Hellraisers Journal – Thursday November 6, 1919
Eugene V. Debs: “Be true to yourselves and your class.”

From The Ohio Socialist of November 5, 1919:

EVD fr Prison by M Prevey, OH Sc p1, Nov 5, 1919

Cincinnati O. Oct. 23. 1919.

DEAR COMRADE WAGENKNECHT:-

M Prevey by Art Young, Liberator p18, Oct 1919

I visited Gene yesterday accompanied by attorney Castelton [Samuel Castleton] and found slightly improved, he is still in the hospital and will in all probability remain there because of his health. He is no longer obliged to work in the clothing shop as the Warden recognized he must get better air and rest. Every one about the prison appreciates and loves “our Gene,” many prisoners would gladly serve his time for him if they could. The prisoners in the tuberculosis section raise flowers and frequently send him boquets.

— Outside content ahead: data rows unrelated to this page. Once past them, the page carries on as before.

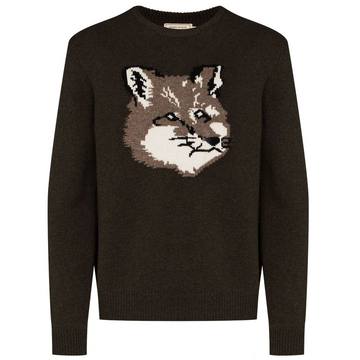 fox head intarsia wool sweater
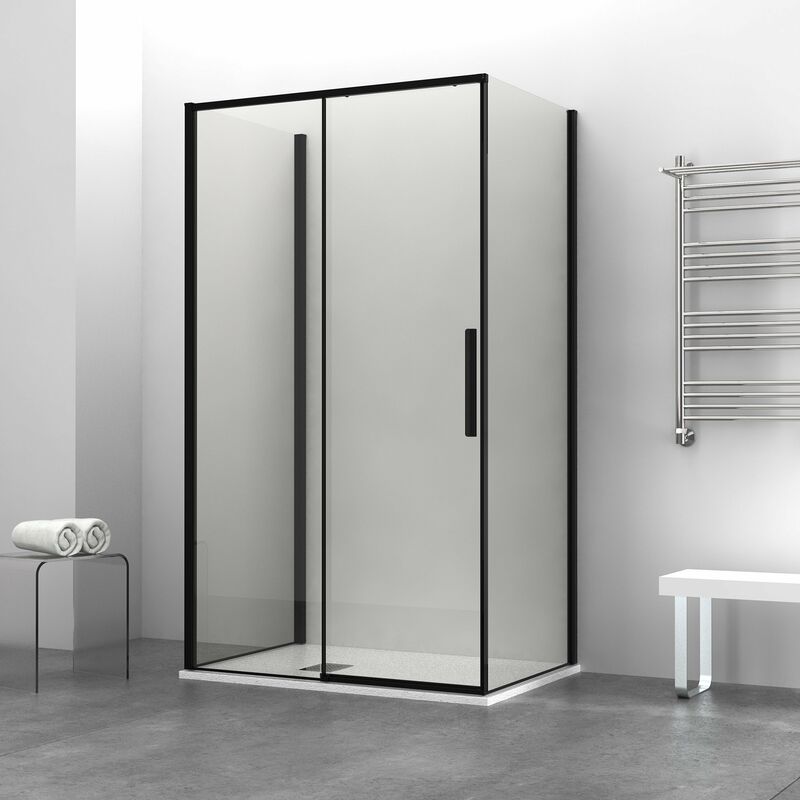 foto del prodotto box doccia oslo porta scorrevole rettangolare 3 lati 100x70x70 cm altezza 200 cm cristallo 6 mm nero opaco
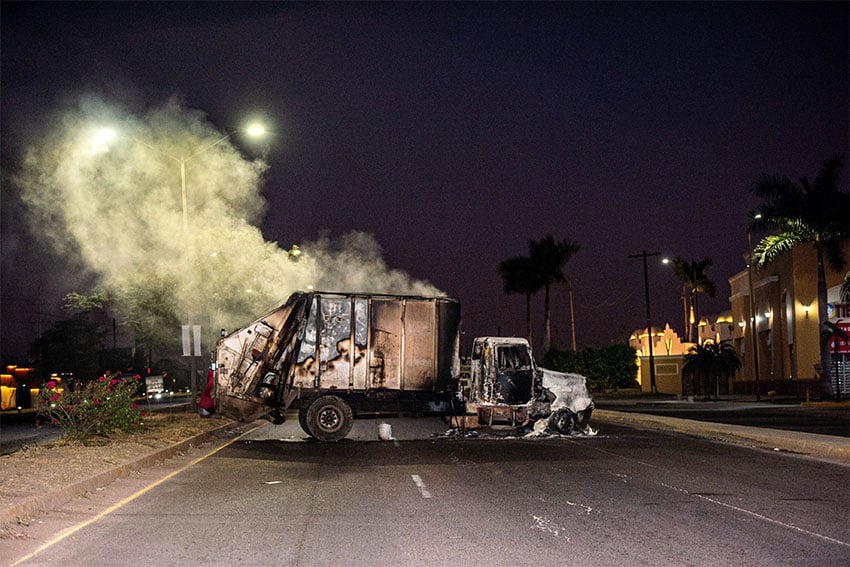 Culiacán garbage truck on fire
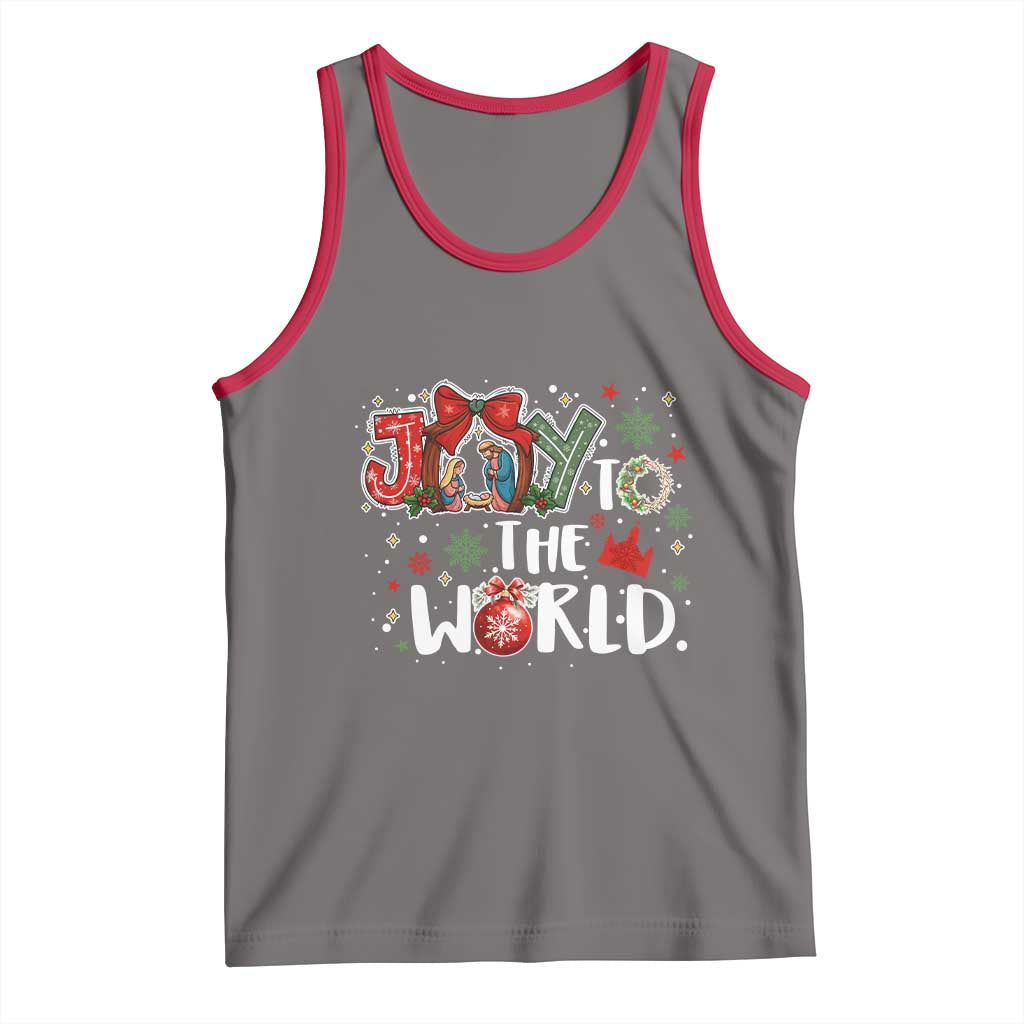 Nativity Scene Christmas Tank Top Joy To The World TS14 Deep Heather Red Print Your Wear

He is cheerful and optimistic, the split in the Party is to him an evidence of growth. He said,

Parties will split, but the movement for working-class emancipation never splits, the rank and file in all the Parties are honest and will get together in their own good time.

Tell them to carry on the work for liberation of all political prisoners. All of us will be released when the working-class present a united front. We must see to it that the financial interests are not permitted to overthrow by force the liberties so dearly bought and paid for by the blood of the workers.